The Canadiens are lucky to have the type of veteran leadership at every natural position that they have this season. I can think of very few better then the likes of Saku Koivu, Alexei Kovalev, Radek Bonk and Richard Zednik setting examples for our young centers and wingers. None of the mentioned four take shifts off, and any one of them can show you how to score or play defense in the NHL. Our defensive corps also boasts a nice mix for any style defenseman coming through our system into the pro ranks. Craig Rivet and the versatile Mathieu Dandenault can teach the defensive side of the game, while Andrei Markov and Sheldon Souray can set the offensive/two way standards. In goal, Yann Danis will undoubtedly learn more from Jose Theodore when he replaces the injured backup goaltender Christobal Huet for a few months, then he did all of last season in the AHL.
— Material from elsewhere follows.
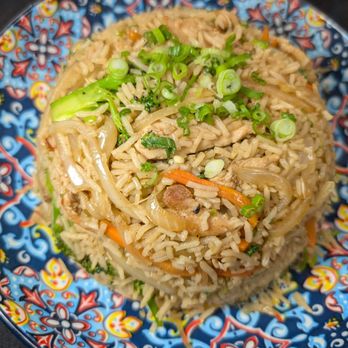 Wok & Karahi - Veg. Fried Rice - Indian Near Me - Spring, Texas Wok & Karahi - Veg. Fried Rice - Indian Near Me - Spring, Texas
This season habs fans have high expectations for their team, but success depends on how quickly the young players can follow the example of veterans, adjust to tougher rule enforcement, as well as deal with all the other “normal” aspects of life as a rookie in the NHL. A daunting task to be sure, but one that all players competing for the few open roster spots have gladly accepted thus far at training camp. The next few weeks look to be exciting for fans and Hab hopefuls as the roster fills out and the season comes into view. As Saku Koivu stated earlier this week “it’s good to be back”.